Deploying Highly Available vMX in Azure
By Mitchell Gulledge
Overview
This document encompasses a detailed architecture when deploying highly available VPN concentrators inside Microsoft Azure. This document contains a reference architecture along with a detailed explanation on how failover is achieved in Azure. This reference architecture is highly scalable and is achievable today as GA.
Important: This Article is meant to be used as Reference Only. The goal is to explain from a high-level perspective how an Azure Function could perform HA. Cisco Meraki is not responsible for Github project files and Microsoft links mentioned in this article. Customers must create their own scripts. Github project files and Microsoft links are not supported or updated by Cisco Meraki.
Please note that unlike the MX Warm Spare - High Availability Pair, a license is required for each vMX, as they are deployed in separate dashboard networks.
Reference Architecture
In the below reference architecture, a Cisco Meraki vMX has been deployed in 2 separate VNETs that reside in 2 different Availability Zones. VNET peering has been configured for each SD-WAN VNET (where the vMX has been deployed) to the respective VNETs where the Azure resources are hosted. This process can be fully automated if new VNETs are deployed. This provides software redundancy as well as hardware redundancy since this architecture resides in different Availability zones.
For deploying vMX Network Virtual Appliances from the Azure marketplace, please reference our vMX Setup Guide for Microsoft Azure.
In order to provide High Availability for vMXs in Azure, Azure functions can be utilized to facilitate automatic failover between a primary and standby vMX. User-defined routes (UDRs) are utilized to override the Azure default system routes by directing traffic to the active vMX in an active-passive pair. If the active vMX fails, the Azure route table changes the next hop to the secondary vMX.
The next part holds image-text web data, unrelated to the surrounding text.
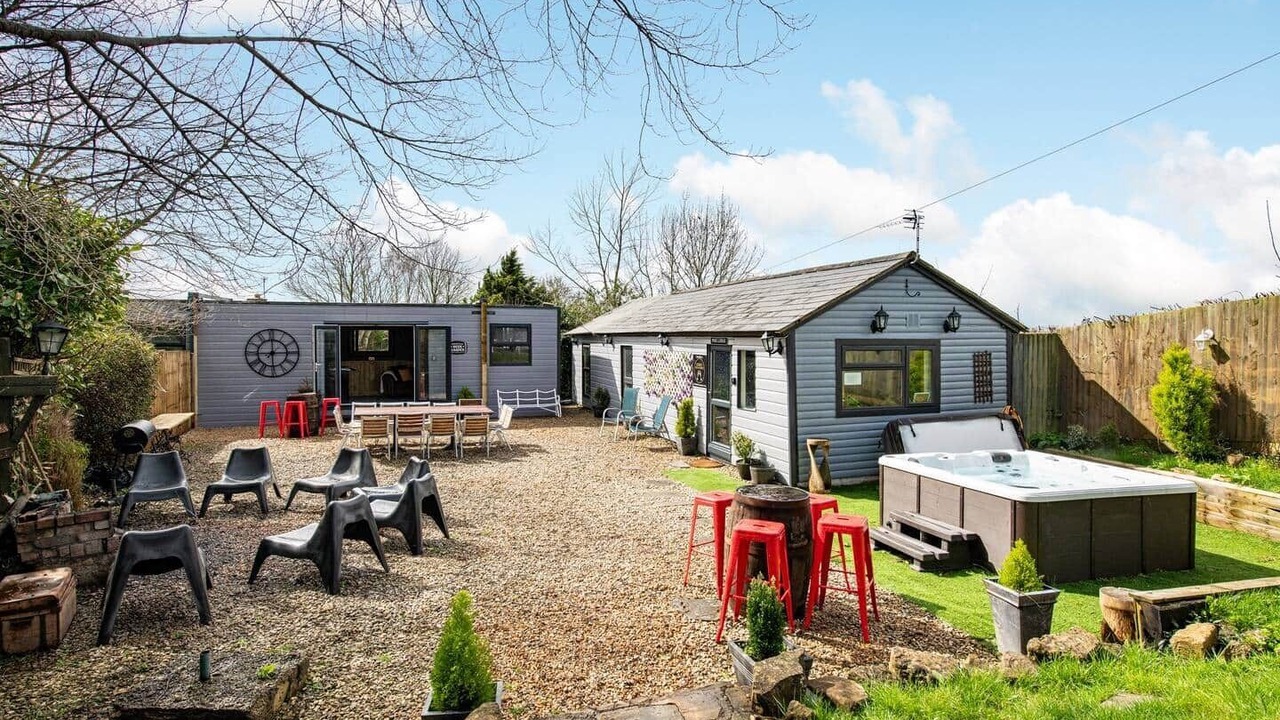 Photo of Outdoor in Wick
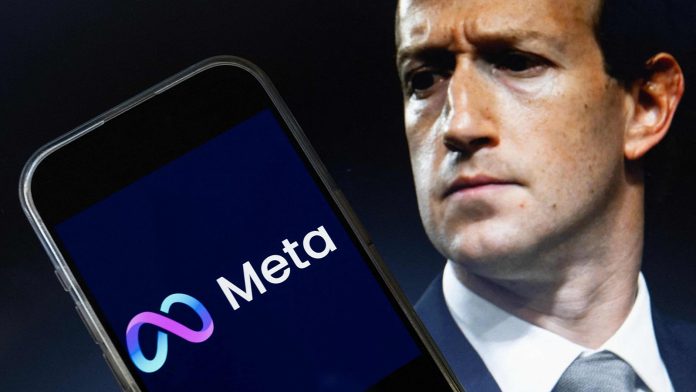 Verificadores de Meta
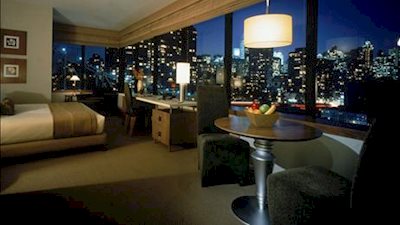 Foto Hotel Bentley **** New York City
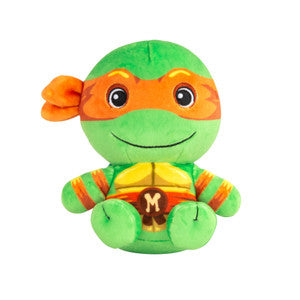 Ninja Turtle Plush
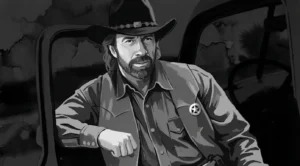 Chuck Norris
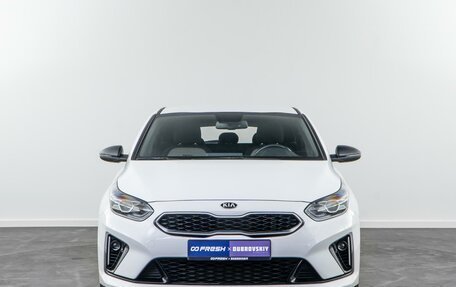 KIA Proceed I, 2021 год, 2 249 000 рублей, 3 фотография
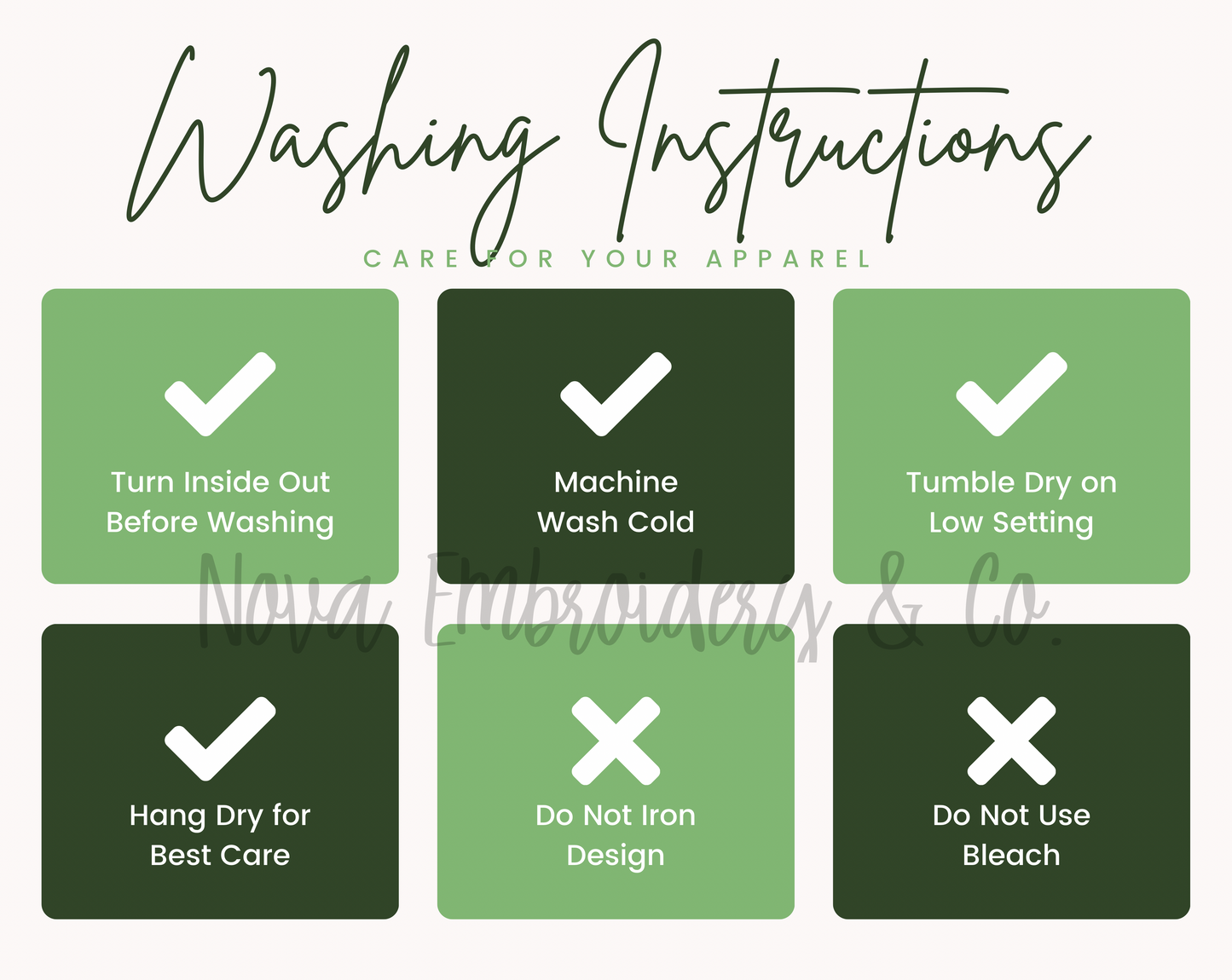 Boo Appliqué Tshirt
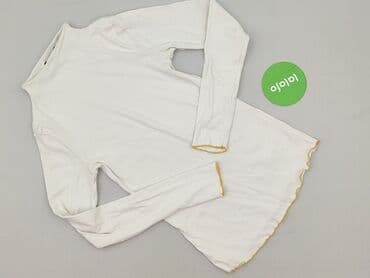 bluzki basic długi rękaw: Esmara, Golf damski, rozmiar S — 2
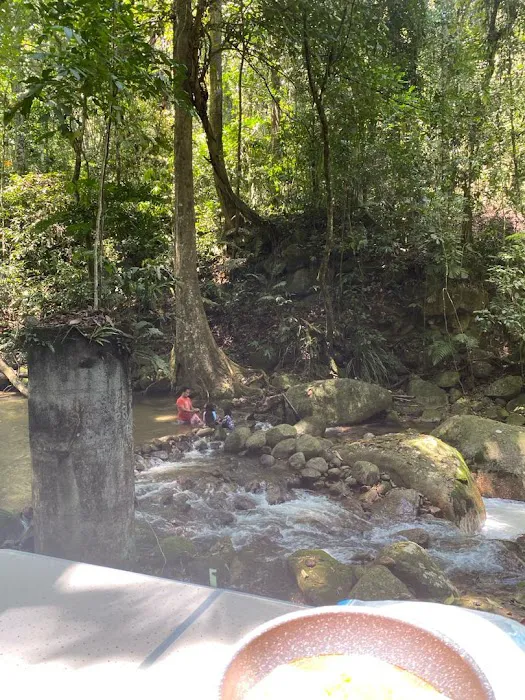 𝐴ir Terjun Bukit Telaga Pahang Picture 6
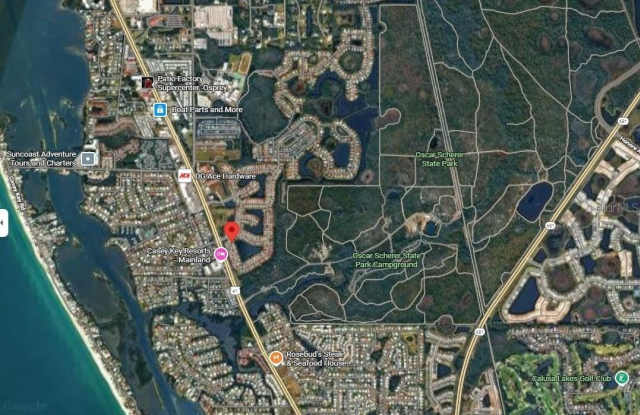 557 CRANE PRAIRIE WAY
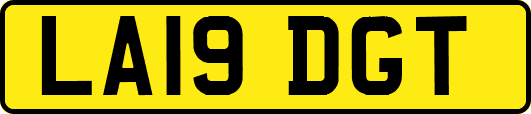 LA19DGT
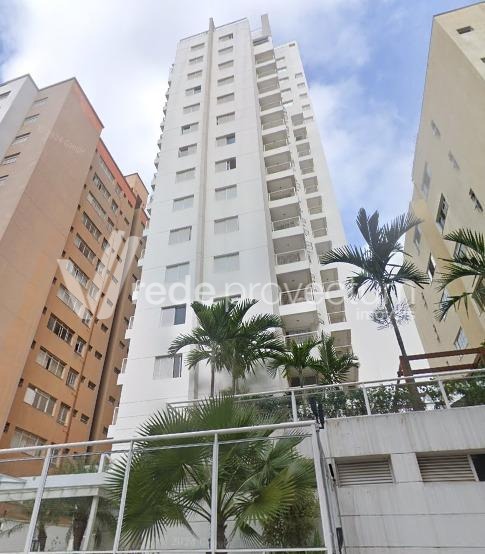 AP313055 | Apartamento venda Centro | Campinas/SP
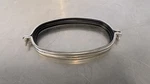 EB1413 2015 Porsche 991 911 GT3 Engine Intake Manifold Clamp #1. Fixed Price $69.99.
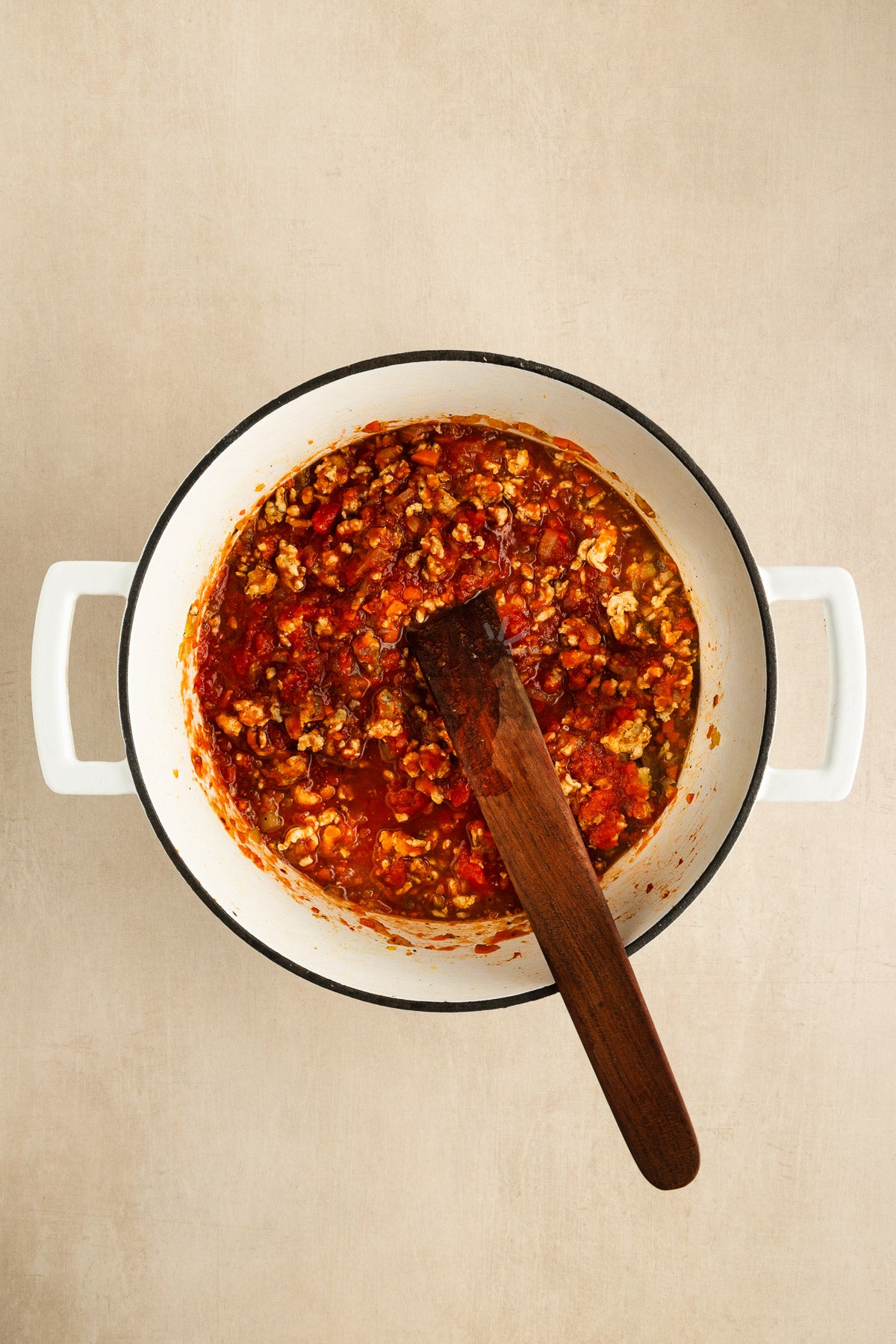 Turkey Bolognese | Exclusive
The vMXs and Azure functions must be within the same Azure subscription and region. The vMXs must also be deployed using their own resource group.
Using different availability zones per vMX is recommended to reduce the likelihood the vMXs are running on the same underlying hardware.
The recommended deployment is that the vMXs are deployed in separate SD-WAN subnets.
This solution uses two Azure virtual machines to host the vMXs in an active-passive configuration:
The failover of UDR table entries is automated by the Azure function App. The function changes next-hop address to the IP address to the interface of the active vMX for the Azure Gateways route table. The function app must be in the same Azure subscription that contains the vMXs. This function app monitors the state of the vMX and triggers a User Defined Route override to facilitate failover. During the initial setup of the function app, a probe interval to check VM liveliness is specified. The default value for this timer trigger causes the function app to run every 30-seconds. Per Azure, it is not recommended to shorten this interval.
Below are some of the variables in the function that are needed to facilitate high availability:
Primary vMX Name |
Name of the virtual machine hosting the primary vMX |
Secondary vMX Name |
Name of the virtual machine hosting the failover vMX |
vMX Resource Group Name |
Name of the resource group containing the vMXs |
vMX UDR Tag |
Resource tag value |
vMX Probe Retires |
3 (enables three retries for checking vMX health before returning “Down” status) |
vMX Delay |
2 (enables two seconds between retries) |
vMX MONITOR |
vMX Status |
For implementing Azure functions to support High Availability vMXs, please reference:
https://github.com/Azure/ha-nva-fo
For more information regarding Azure Functions, please reference:
https://docs.microsoft.com/en-us/azure/azure-functions/
For more information on configuring VNET peering, please reference:
https://docs.microsoft.com/en-us/azure/virtual-network/virtual-network-peering-overview
For more information on automating VNET peering, please reference:
https://docs.microsoft.com/en-us/rest/api/virtualnetwork/virtualnetworkpeerings
The links above are meant to be used as reference and are not supported/updated by the Cisco Meraki support team. Please refer any questions to the appropriate authors of those articles and not the Cisco Meraki support team for troubleshooting/deployments using these articles/scripts.